Effetti collaterali...

Ringraziamo Boris Bellone per la segnalazione.

MISSILI CRUISE ALL'URANIO IMPOVERITO SULLA LIBIA: STUDIO SULLE CONSEGUENZE
DI MASSIMO ZUCCHETTI, Politecnico di Torino
I cruise lanciati sulla Libia contengono Uranio impoverito. Sono state calcolate le conseguenze dell'inquinamento radioattivo. Fino a seimila morti.
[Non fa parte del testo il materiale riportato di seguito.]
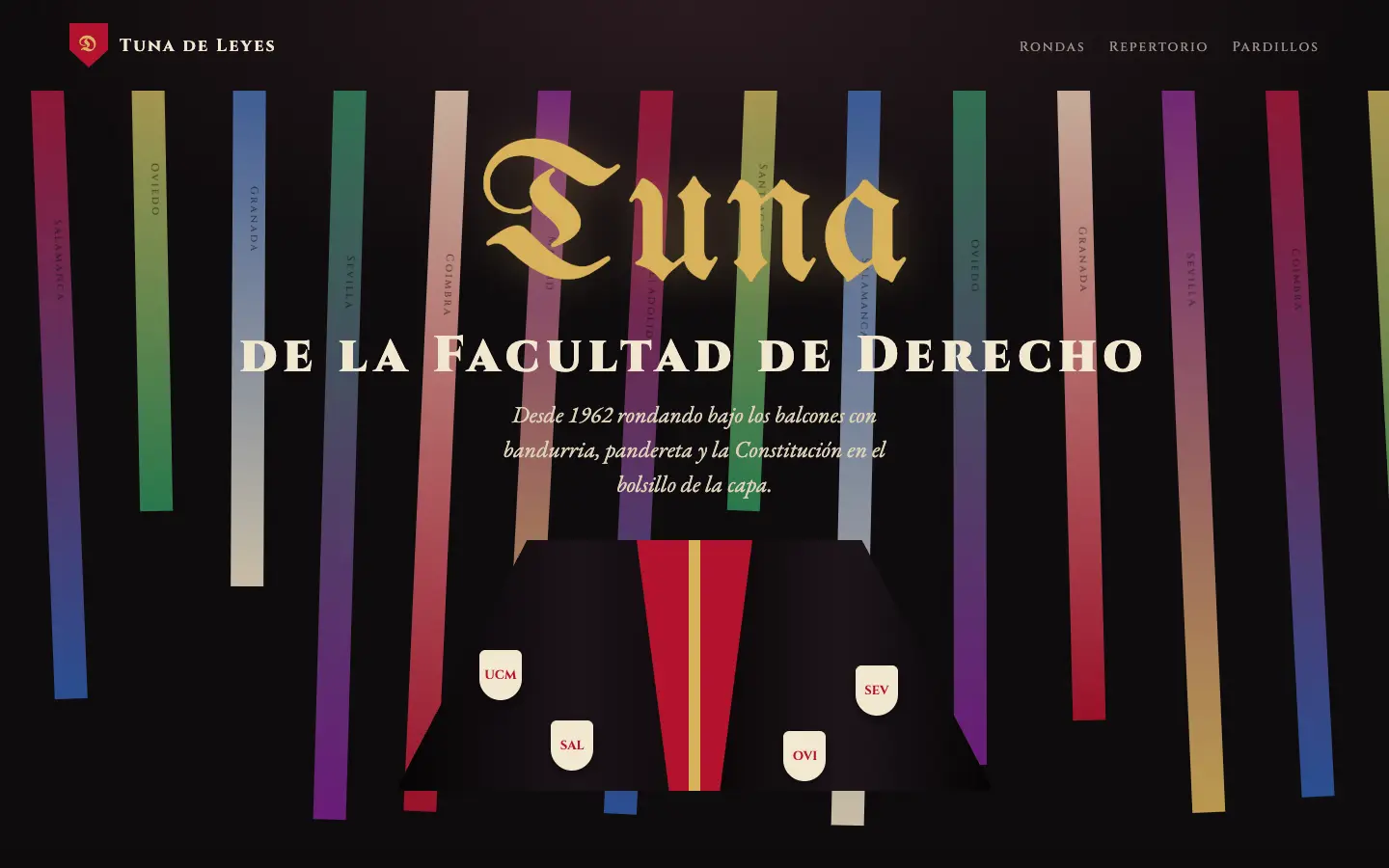 Tuna de Leyes — primera pantalla del concepto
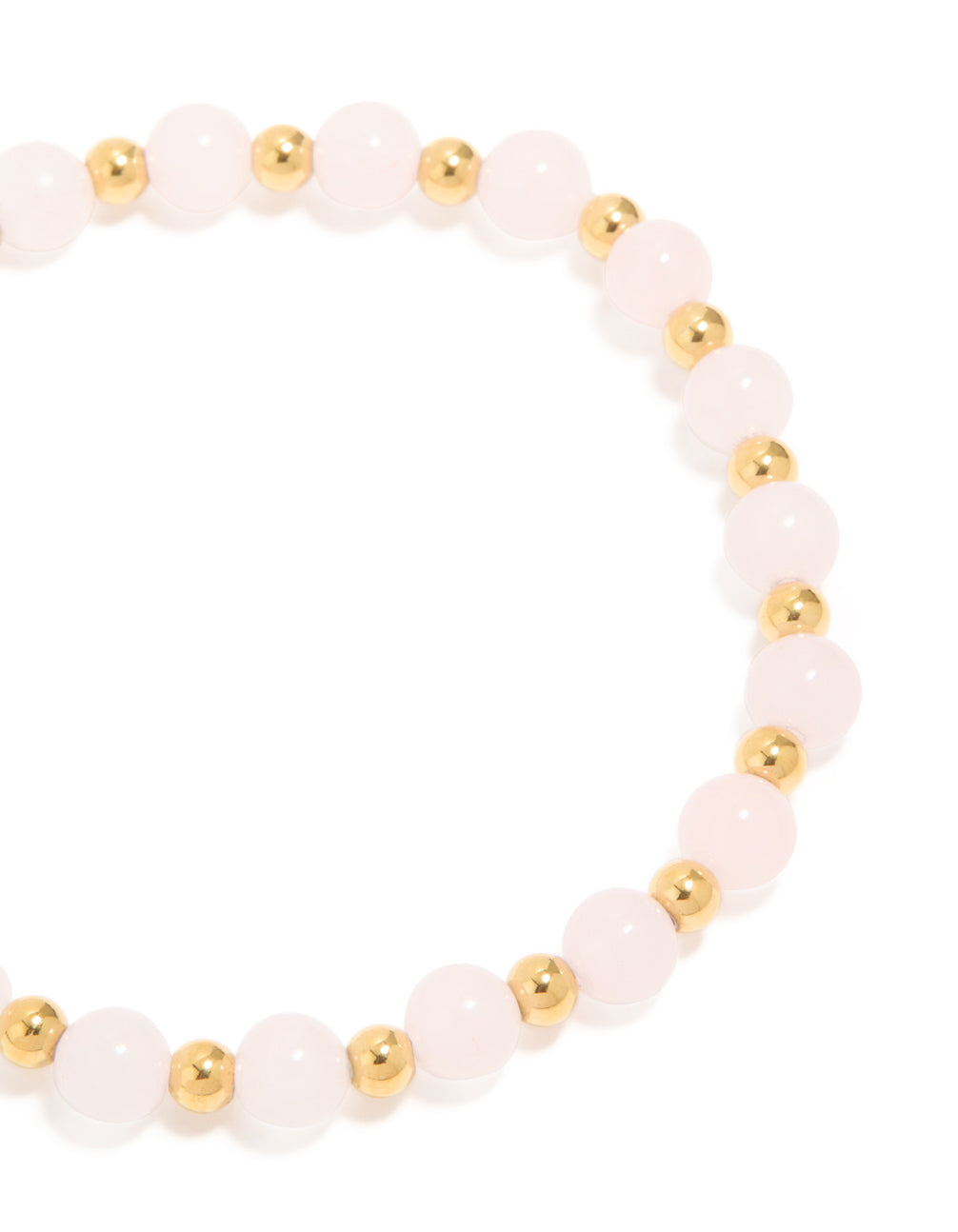 Designed with waterproof gold plated stainless steel and rose quartz beaded stretch bracelet close up view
Le questioni che riguardano l’Uranio impoverito e la sua tossicità hanno talvolta, negli anni recenti, esulato dal campo della scienza. Lo scrivente[1] si occupa di radioprotezione da circa un ventennio e di uranio impoverito dal 1999. Dopo un’esperienza di pubblicazione di lavori scientifici su riviste, atti di convegni internazionali e conferenze in Italia, sul Uranio impoverito, questo articolo cerca di fare una stima del possibile impatto ambientale e sulla salute dell’uso di uranio impoverito nella guerra di Libia (2011). Notizie riguardanti il suo utilizzo sono apparse nei mezzi di informazione fin dall’inizio del conflitto.[2]
Per le sue peculiari caratteristiche fisiche, in particolare la densità che lo rende estremamente penetrante, ma anche il basso costo (il DU costa alla produzione circa 2$ al kg) e la scomodità di trattarlo come rifiuto radioattivo, il DU ha trovato eccellenti modalità di utilizzo in campo militare...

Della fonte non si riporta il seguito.